Дело сейчас заключается не в том, чтобы осуждать или оправдывать Гёте, а в том, чтобы показать его хотя бы и объективно неизбежную, но существенную ошибку, которая искажает самое его миросозерцание.

Из миросозерцания Гёте не вытекала такая степень верноподданнического примирения с порядком, да еще столь отвратительным, как порядок его времени.

Он думал об этом не раз в своей жизни с глубокой тоской.

Правда, это основное уродство гётевской жизни в известной степени искупалось процессом сублимации. Гёте иногда в высшей степени плодотворно «убегал» от жизни в область искусства. Этим увеличивалась его художественная работа, — это навело его на создание мира «классики», которое он выполнил столь гениальной рукой.

Но все эти обстоятельства, которые должны быть приняты нами во внимание, нисколько не колеблют вывода, что в главном, в основном, именно эта уродливость, угодливость Гёте засорила поток его жизни, загрязнила его и заставляет с величайшей осторожностью подходить к Гёте — великой силе, которая могла бы быть при иных условиях такой чистой, целостной и беспримесной.

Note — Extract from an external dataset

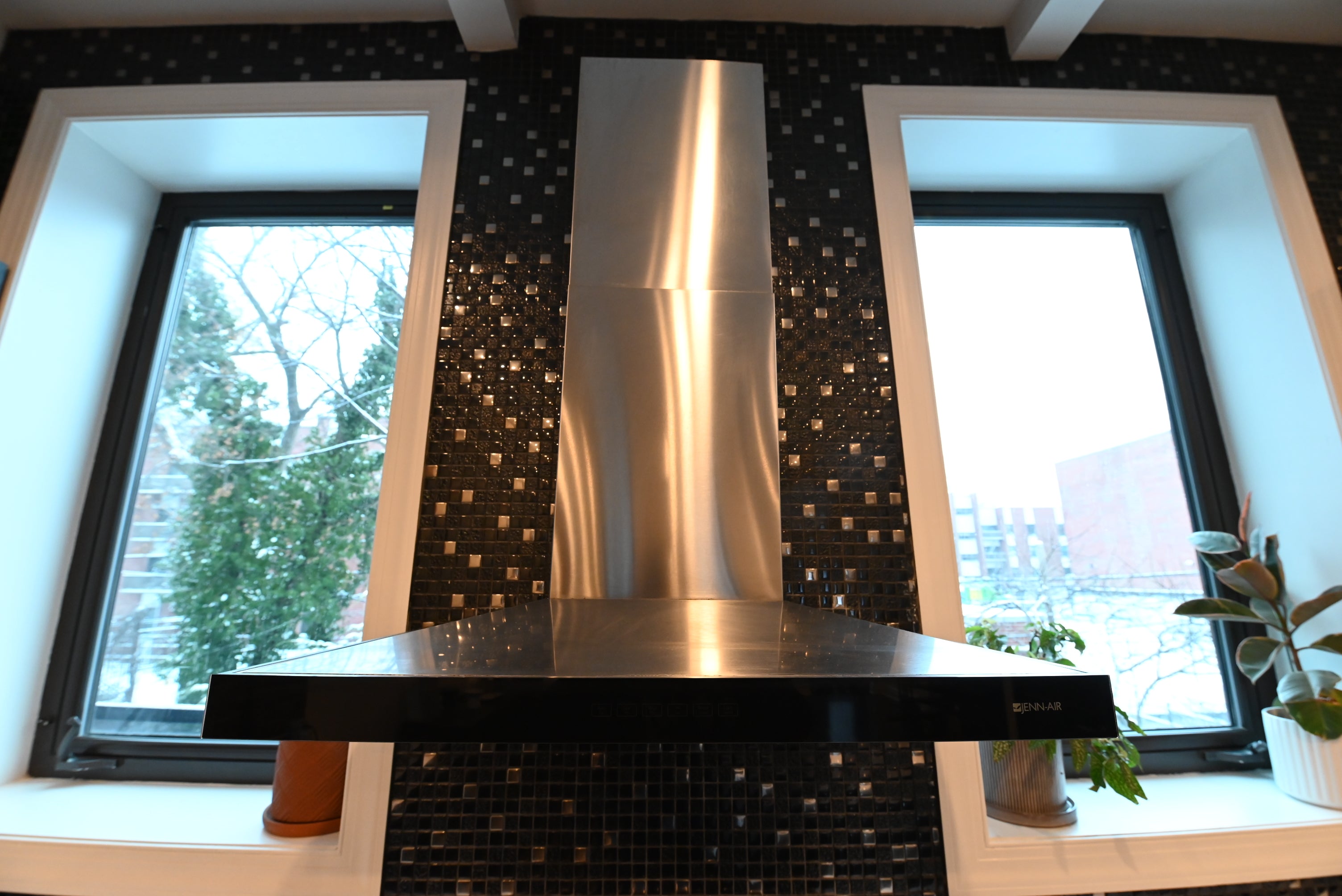 Dark Mocha Latte Modern Pre-Owned Kitchen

1 К. Маркс и Ф. Энгельс. Соч., т. 4, стр. 233.

2 См. К. Маркс и Ф. Энгельс. Соч., т. 27, стр. 76.

3 См. стихотворение Е. Баратынского «На смерть Гёте»:

…Почил безмятежно, зане совершил

В пределе земном все земное!

4 Эккерманн, Иоганн–Петер (1792—1854) — секретарь Гёте и редактор его произведений. Составил «Разговоры с Гёте в последние годы его жизни», 3 ч. (1836—1848).

5 К. Маркс и Ф. Энгельс. Соч., т. 2, стр. 142—143.

6 См. о Карлейле и о его понимании Гёте в статье Ф. Энгельса «Положение Англии» (К. Маркс и Ф. Энгельс. Соч., т. 1, стр. 594).

7 К Маркс и Ф. Энгельс. Соч., т. 2, стр. 562.

8 Речь идет о книге Г. Гейне «К истории религии и философии в Германии» (1834).

9 См. статью Ф. Энгельса «Немецкий социализм в стихах и прозе» (К. Маркс и Ф. Энгельс. Соч., т. 4, стр. 232—234).

10 См. там же, стр. 247—248.

11 Цвейг, Стефан (1881—1942) — австрийский писатель. Здесь цитируется его статьи «Борьба с безумием (Гельдерлин, Клейст, Ницше)» (см. С. Цвейг. Собрание сочинений, т. 10. Л., 1932, стр. 36—37, 40).

12 Имеется в виду книга Фридриха Гундольфа о Гёте, изданная в Берлине в 1916 г.

13 В октябре 1931 г. в Берлине происходил отличавшийся крайней реакционностью конгресс, посвященный 100–летию со дня смерти Гегеля.